** GIVEN RECORDS follows **

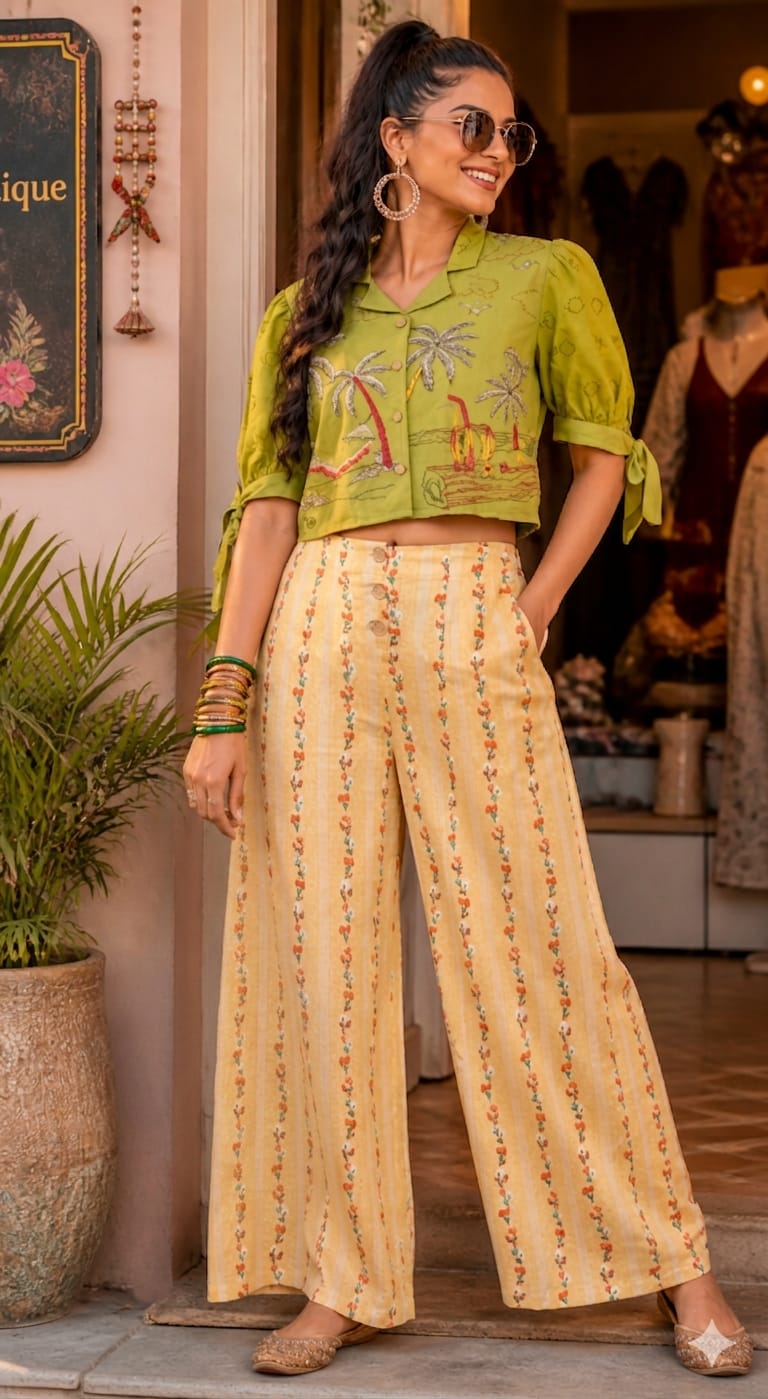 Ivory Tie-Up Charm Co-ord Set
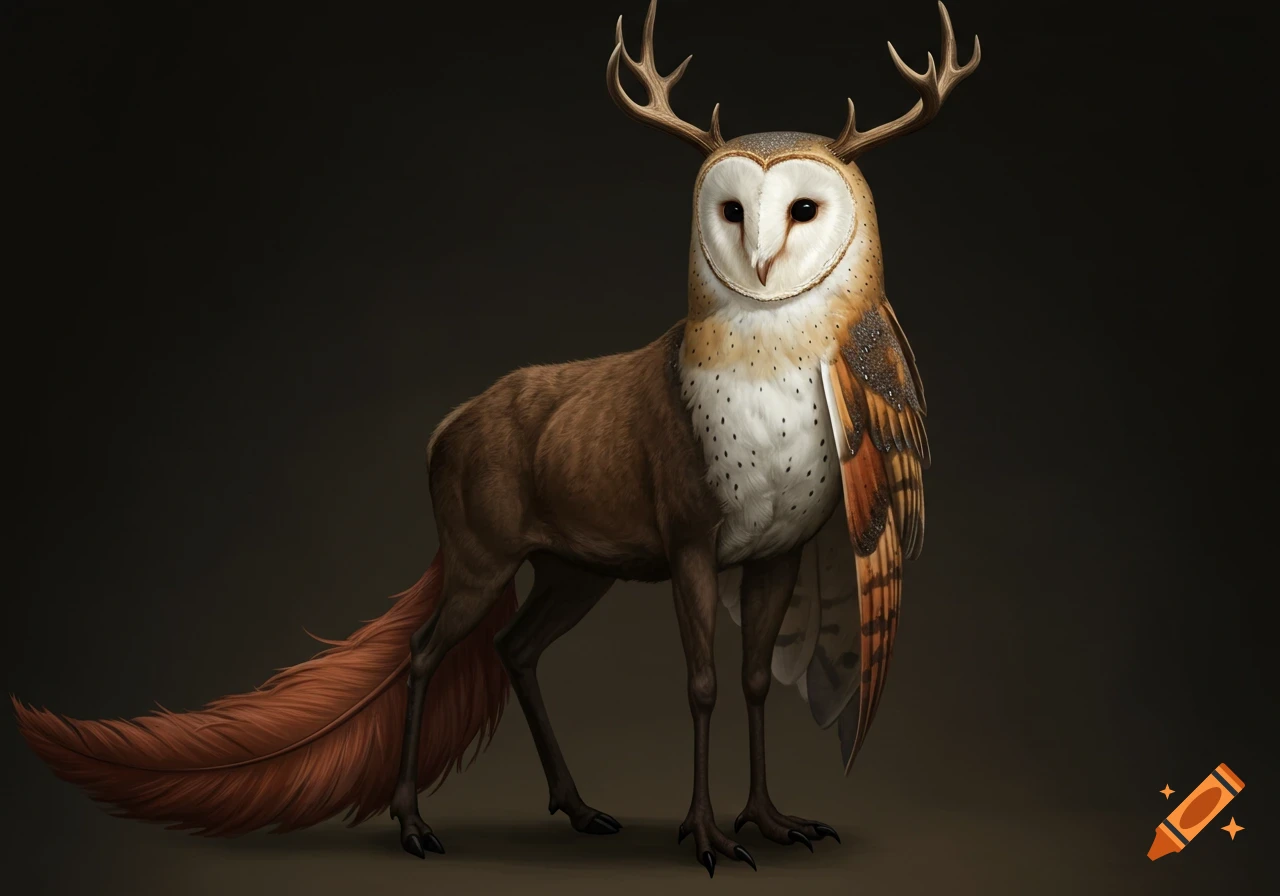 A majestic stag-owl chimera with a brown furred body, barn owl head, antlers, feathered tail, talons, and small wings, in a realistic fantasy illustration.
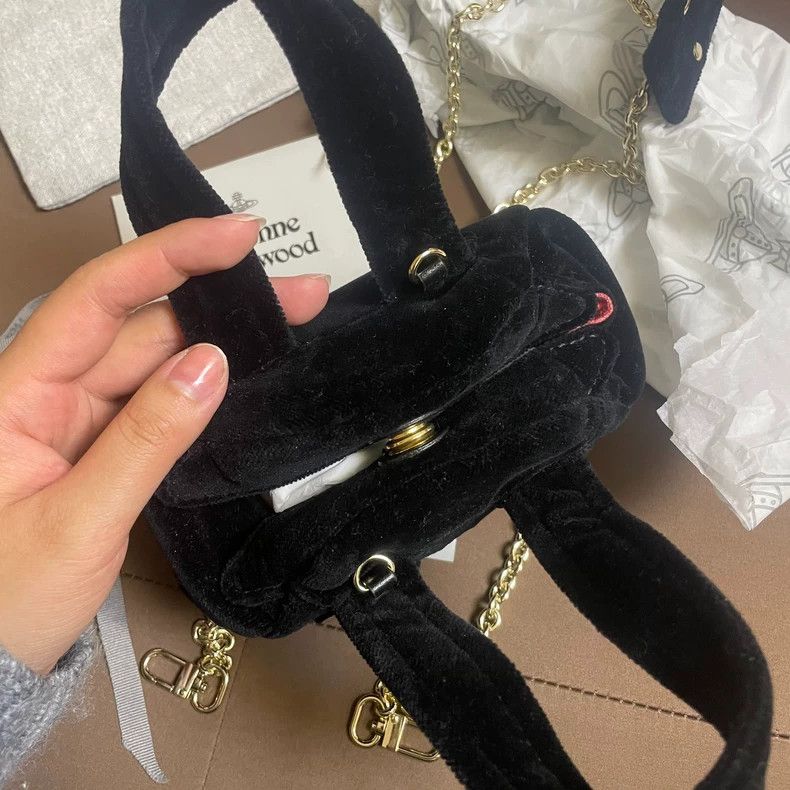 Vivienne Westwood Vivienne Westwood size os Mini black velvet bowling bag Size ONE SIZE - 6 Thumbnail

** End of GIVEN RECORDS **
** GIVEN RECORDS follows **

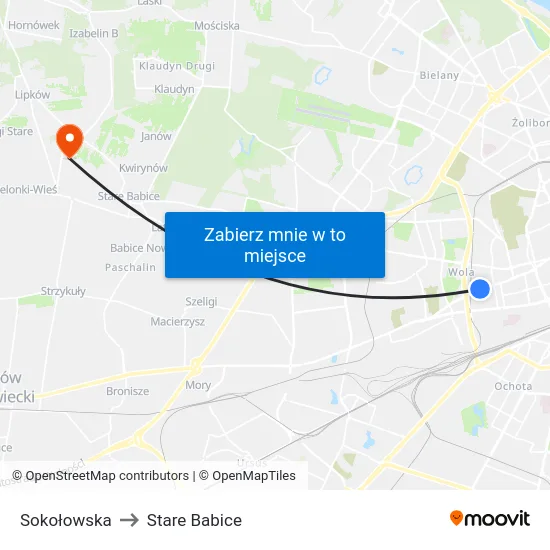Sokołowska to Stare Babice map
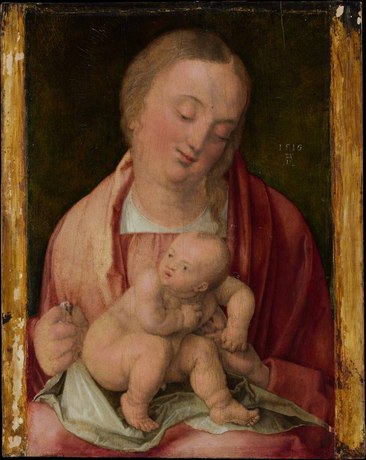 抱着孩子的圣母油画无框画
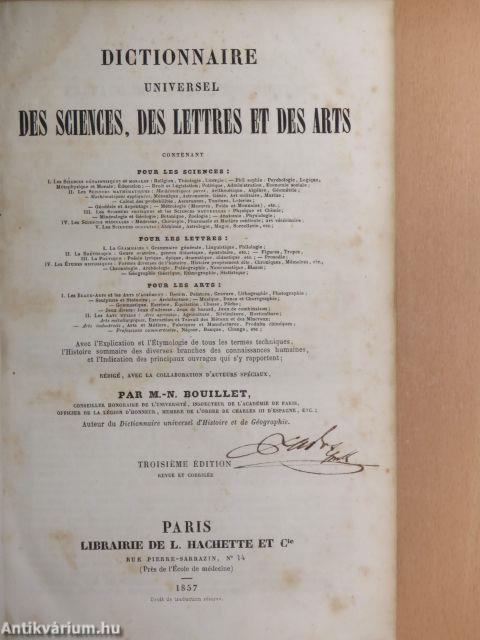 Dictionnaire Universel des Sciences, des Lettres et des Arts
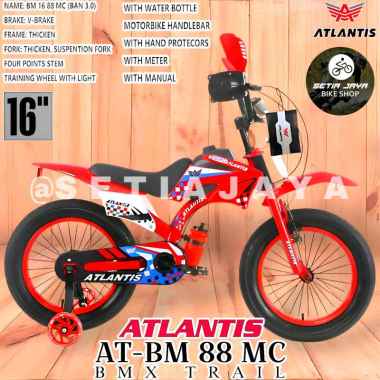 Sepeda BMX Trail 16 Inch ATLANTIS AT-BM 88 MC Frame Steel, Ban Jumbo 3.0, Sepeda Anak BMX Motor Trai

** End of GIVEN RECORDS **

Above are records with pictures. Reproduce exactly only the lines from the line with "抱着孩子的圣母油画无框画" through the line with "Sepeda BMX Trail", both ends included, and leave the pictures out.

THE COMPLETED TASK
 抱着孩子的圣母油画无框画
 Dictionnaire Universel des Sciences, des Lettres et des Arts
 Sepeda BMX Trail 16 Inch ATLANTIS AT-BM 88 MC Frame Steel, Ban Jumbo 3.0, Sepeda Anak BMX Motor Trai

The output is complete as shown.